Pieter van der Kuil
Robert Daniel Wolterbeek was bankier en is gedurende 10 jaar (1858-1868) directeur van de Nederlandsche Bank geweest. Hij werd in 1801 geboren in Amsterdam. Hij was lid van de gemeenteraad van Amsterdam en ook van de provinciale staten van Noord-Holland. Later werd hij lid van de provinciale staten van Gelderland. In 1829 trouwt hij met de in 1802 geboren Henrietta Maria Anna Meijer.
Zij krijgen zes kinderen, te weten Margaretha Johanna Christina (1829), Joan Leonard (1831), Willem Pieter (1832), Anna Henrietta (1834), Dirk Jacob (1836) en Maria Antoinette (1838), die allen in Amsterdam zijn geboren. Zoals veel gegoede randstedelingen werd hij aangetrokken door de mooie natuur in Oosterbeek. Zijn halfbroer Dirk Jacob Wolterbeek was van 1820-1827 predikant geweest in de Oude Kerk, en mogelijk heeft deze Robert Daniel op de schoonheid van Oosterbeek geattendeerd.
Zijn jong overleden echtgenote Christina Elisabeth Hooglandt (1789-1824) lag begraven bij de Oude Kerk te Oosterbeek. Een deel van haar grafsteen is bewaard gebleven en ligt ten zuiden van de kerk. Deze steen is een onderdeel van een destijds groter grafwerk met een ijzeren hek dat behoorde bij haar graf. Hij had voordien als standplaats Wamel en vertrok 3 jaar na haar dood naar Hillegom en was naderhand nog in Alkmaar predikant.

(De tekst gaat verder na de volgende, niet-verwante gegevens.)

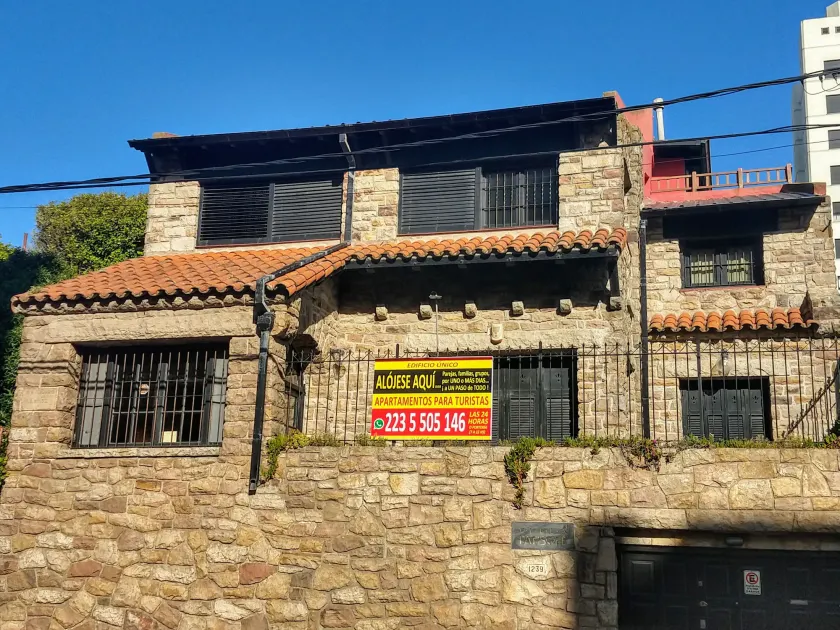 EDIFICIO ÚNICO Mardel - Deptos Low Cost equipados 30 m de la costa y 350 m del centro Cerca de todo! - Image 1
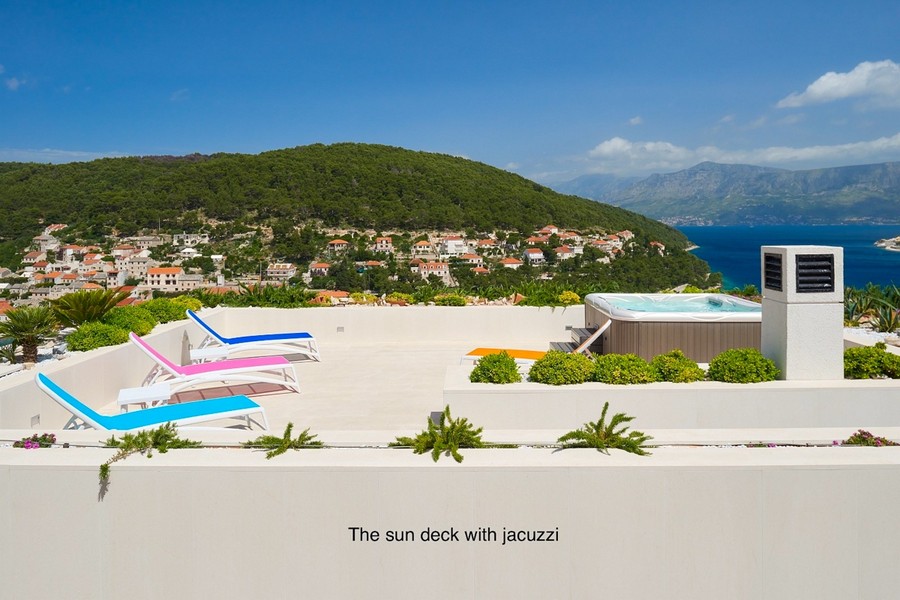 Terrazza sul tetto con jacuzzi e vista mare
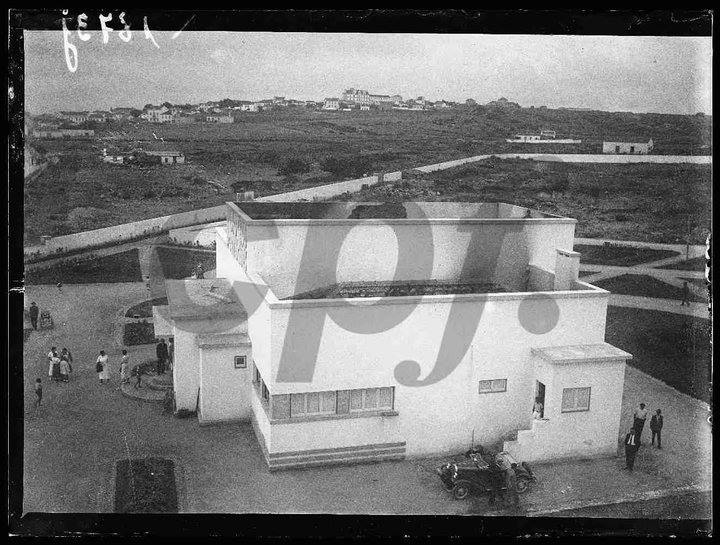 Radio Clube Português na Parede ao longe avista-se a antiga Vila Braz e os terrenos onde seria construído o Bairro das caixas na Parede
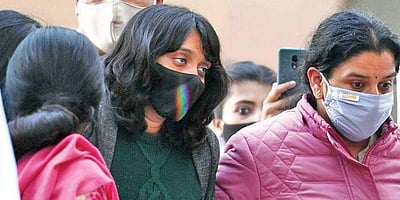 'டூல் கிட்' வழக்கு: திஷா ரவியை காவலில் எடுத்து விசாரிக்க நீதிமன்றம் அனுமதி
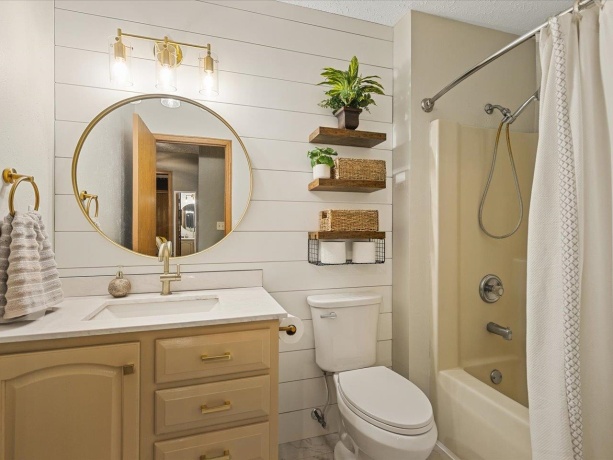 6609 Sawmill, ROSCOE, Illinois 61073, 4 Bedrooms Bedrooms, ,2 BathroomsBathrooms,House,For Sale,Sawmill,202601843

Later schrijft Robert Daniel over Valkenburg: “Het is op dat bevallige plekje, in die heerlijke omgeving, dat ik met mijn geliefde Echtgenoote en onze kinderen, gedurende vele Jaren, door Gods groote Goedheid, in Zijne altoos zoo vriendelijke natuur, het ruimste en edelste levensgenot mogt smaken”.
Hoewel Robert Daniel zelf regelmatig op en neer naar Amsterdam zal hebben moeten reizen, lijkt het er op dat zijn vrouw en kinderen het grootste deel van de tijd in Oosterbeek verbleven.